>>>
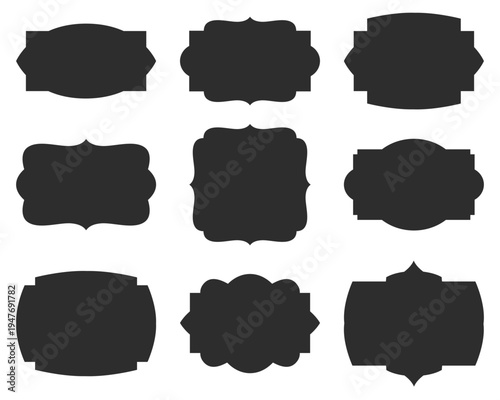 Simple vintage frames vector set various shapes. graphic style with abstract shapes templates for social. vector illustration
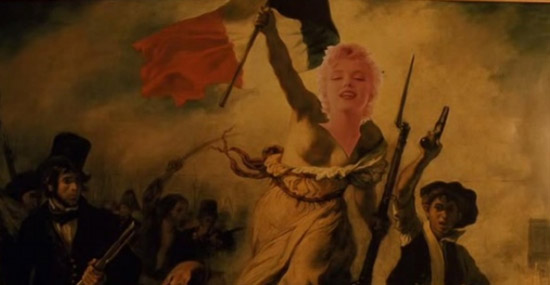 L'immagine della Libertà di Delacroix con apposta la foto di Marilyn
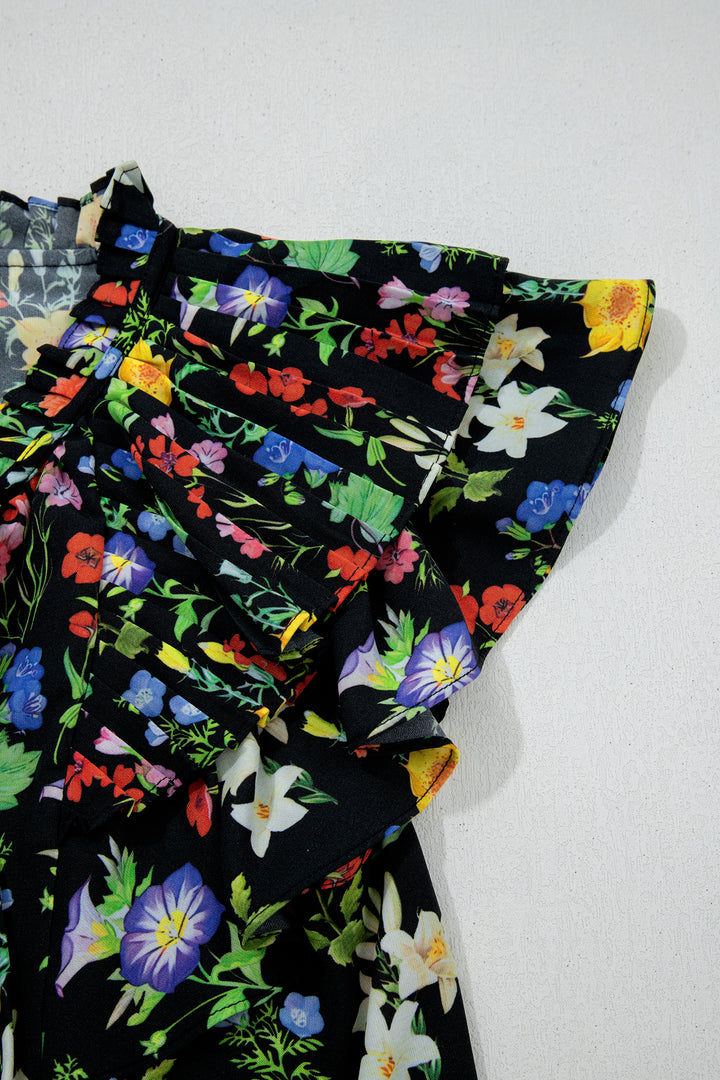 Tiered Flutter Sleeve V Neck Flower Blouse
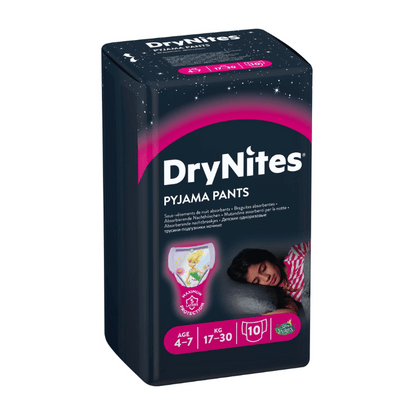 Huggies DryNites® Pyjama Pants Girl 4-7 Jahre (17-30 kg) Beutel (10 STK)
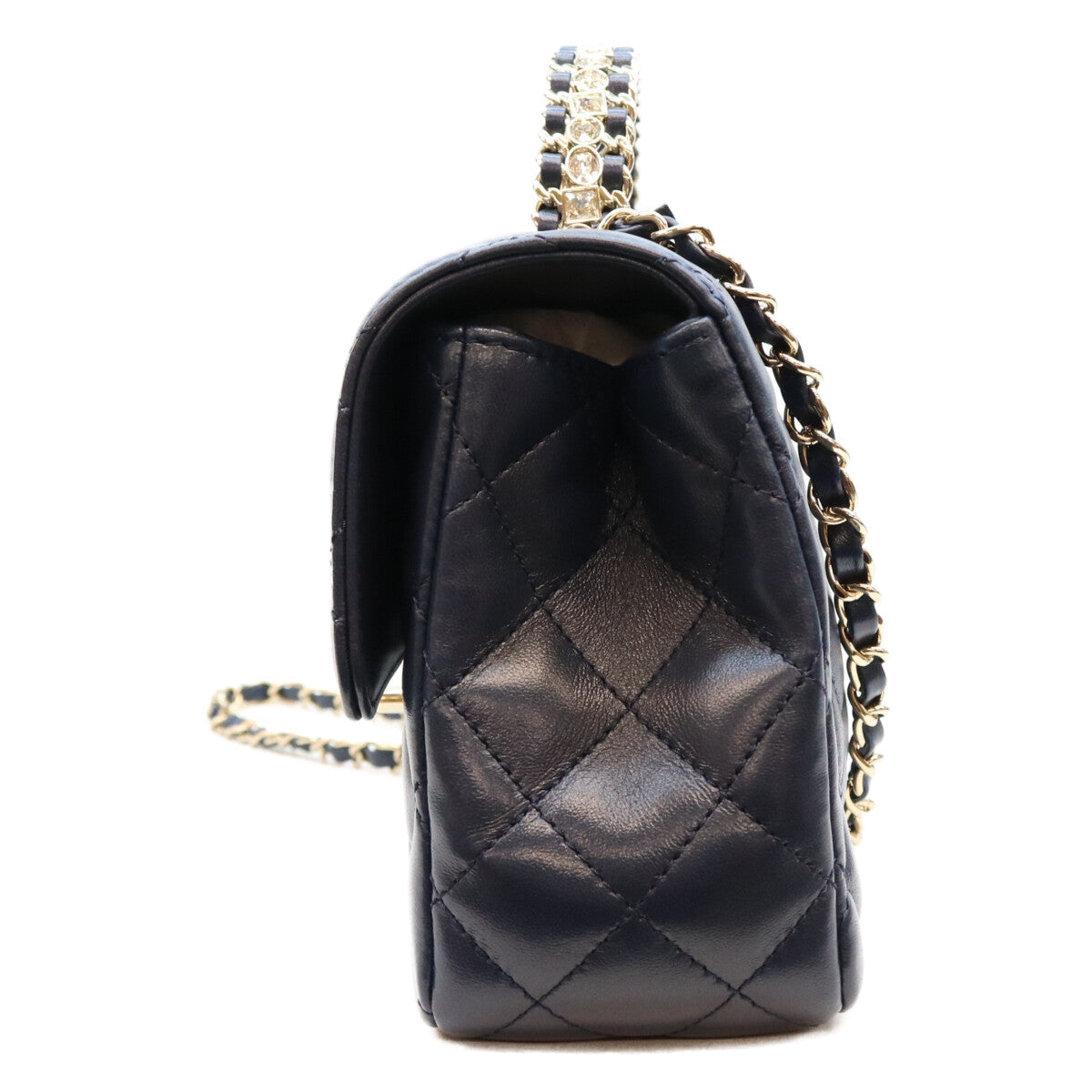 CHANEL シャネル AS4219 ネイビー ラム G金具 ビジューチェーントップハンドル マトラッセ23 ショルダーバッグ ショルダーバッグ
<<<
>>>
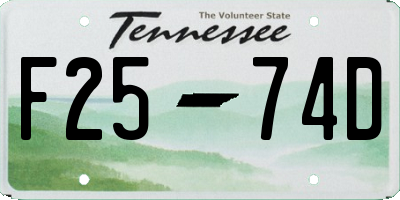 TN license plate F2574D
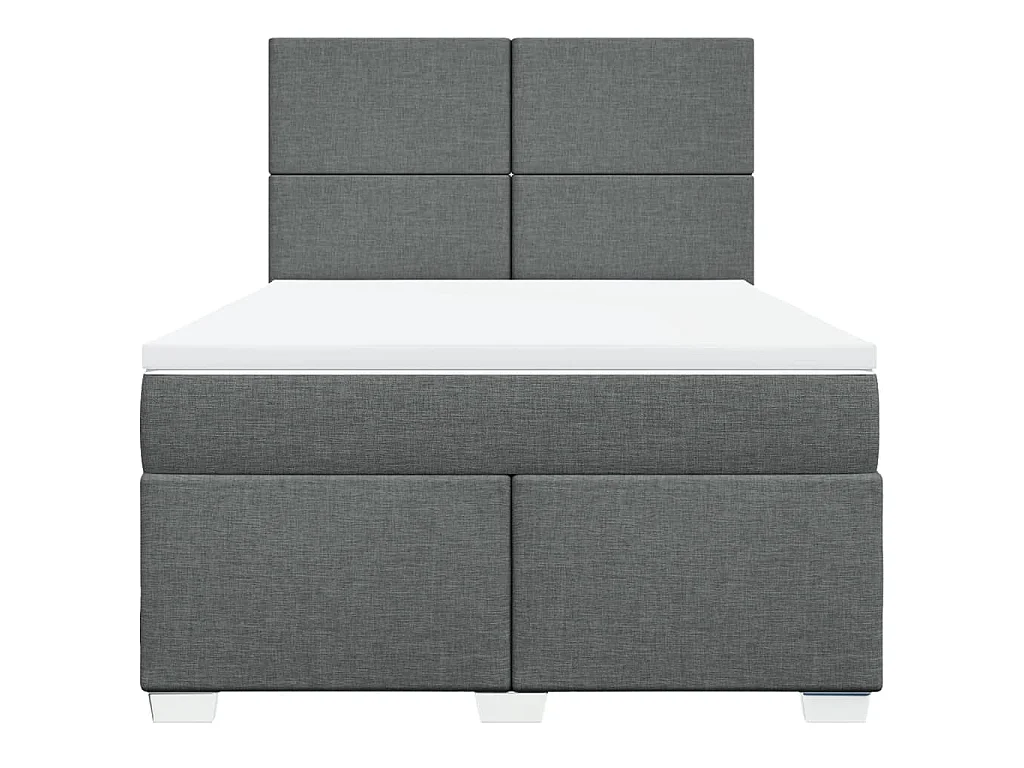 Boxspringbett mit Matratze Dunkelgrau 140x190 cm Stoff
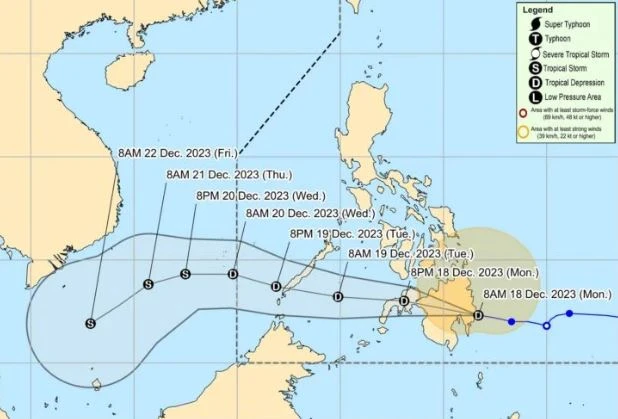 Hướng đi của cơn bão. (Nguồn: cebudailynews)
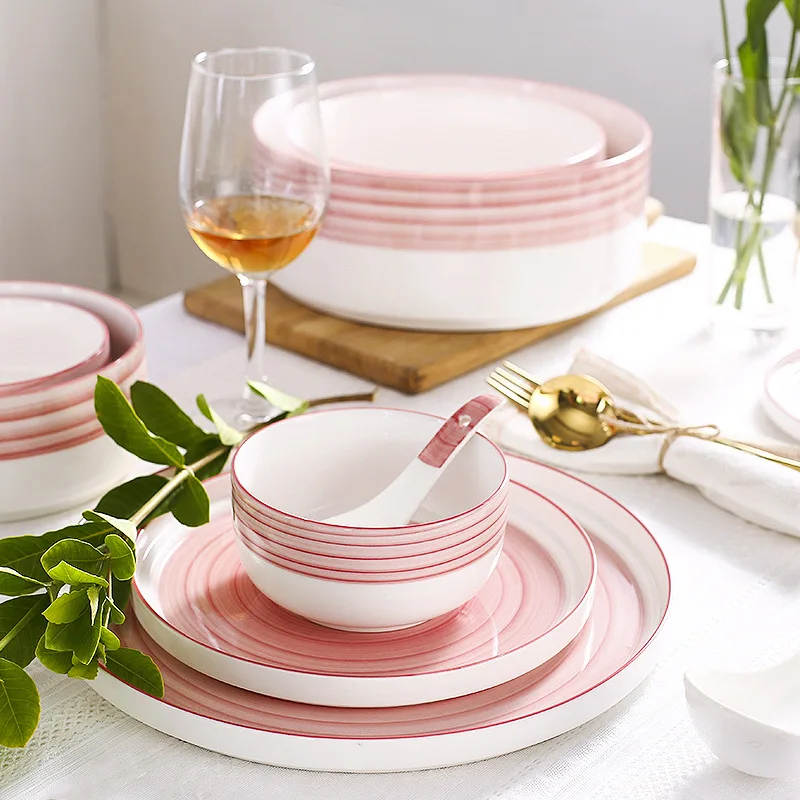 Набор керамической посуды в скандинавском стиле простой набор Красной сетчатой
<<<
>>>
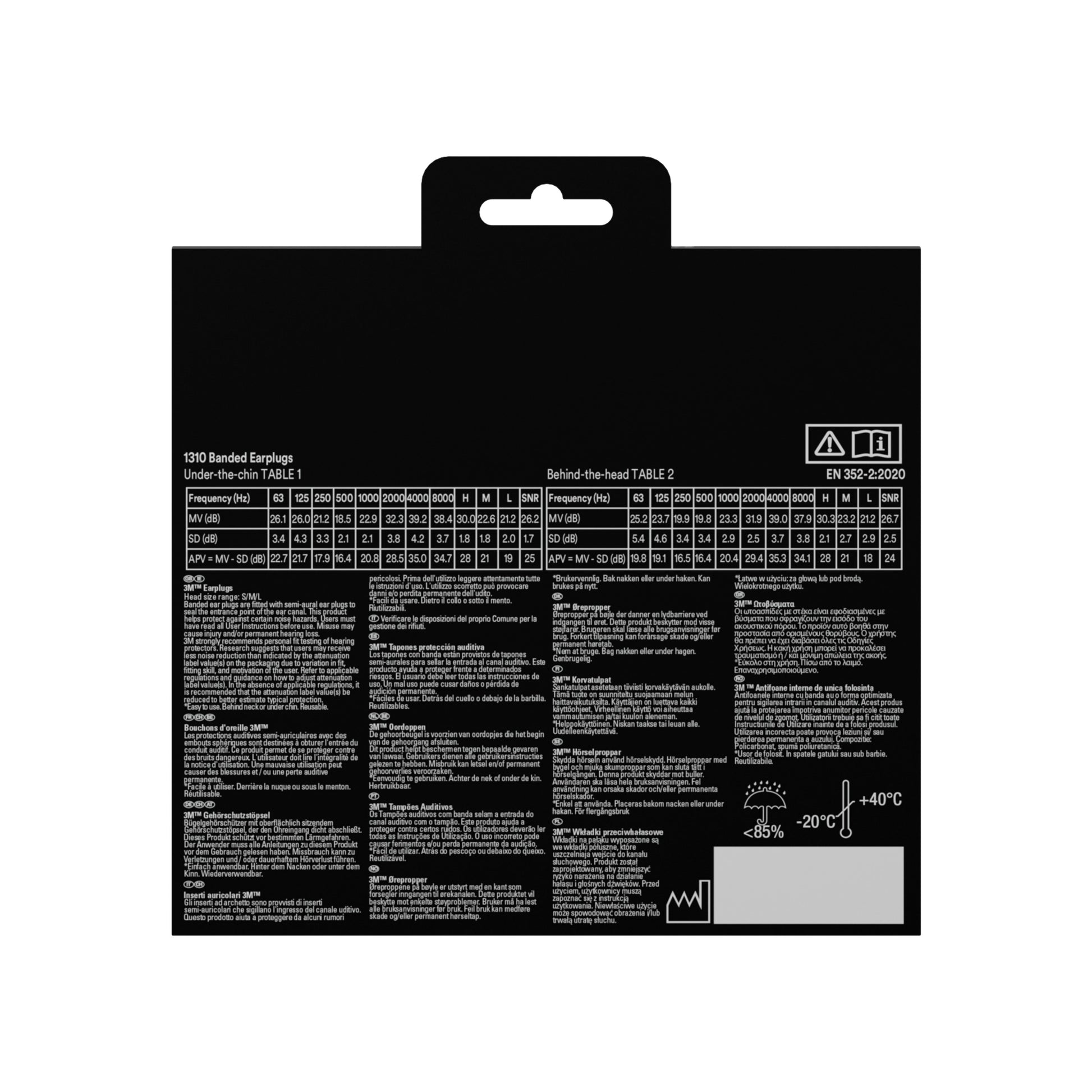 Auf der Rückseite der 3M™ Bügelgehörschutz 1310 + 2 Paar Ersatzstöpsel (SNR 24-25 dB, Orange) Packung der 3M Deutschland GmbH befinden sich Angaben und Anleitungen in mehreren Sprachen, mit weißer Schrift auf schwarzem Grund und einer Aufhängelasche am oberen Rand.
<<<
* [Exercise description]
Give back exactly, and solely, the section of the data above bounded by the line containing "Simple vintage frames" and the line containing "CHANEL シャネル AS4219", both bounding lines included and pictures omitted.

* [Answer to this exercise]
 Simple vintage frames vector set various shapes. graphic style with abstract shapes templates for social. vector illustration
 L'immagine della Libertà di Delacroix con apposta la foto di Marilyn
 Tiered Flutter Sleeve V Neck Flower Blouse
 Huggies DryNites® Pyjama Pants Girl 4-7 Jahre (17-30 kg) Beutel (10 STK)
 CHANEL シャネル AS4219 ネイビー ラム G金具 ビジューチェーントップハンドル マトラッセ23 ショルダーバッグ ショルダーバッグ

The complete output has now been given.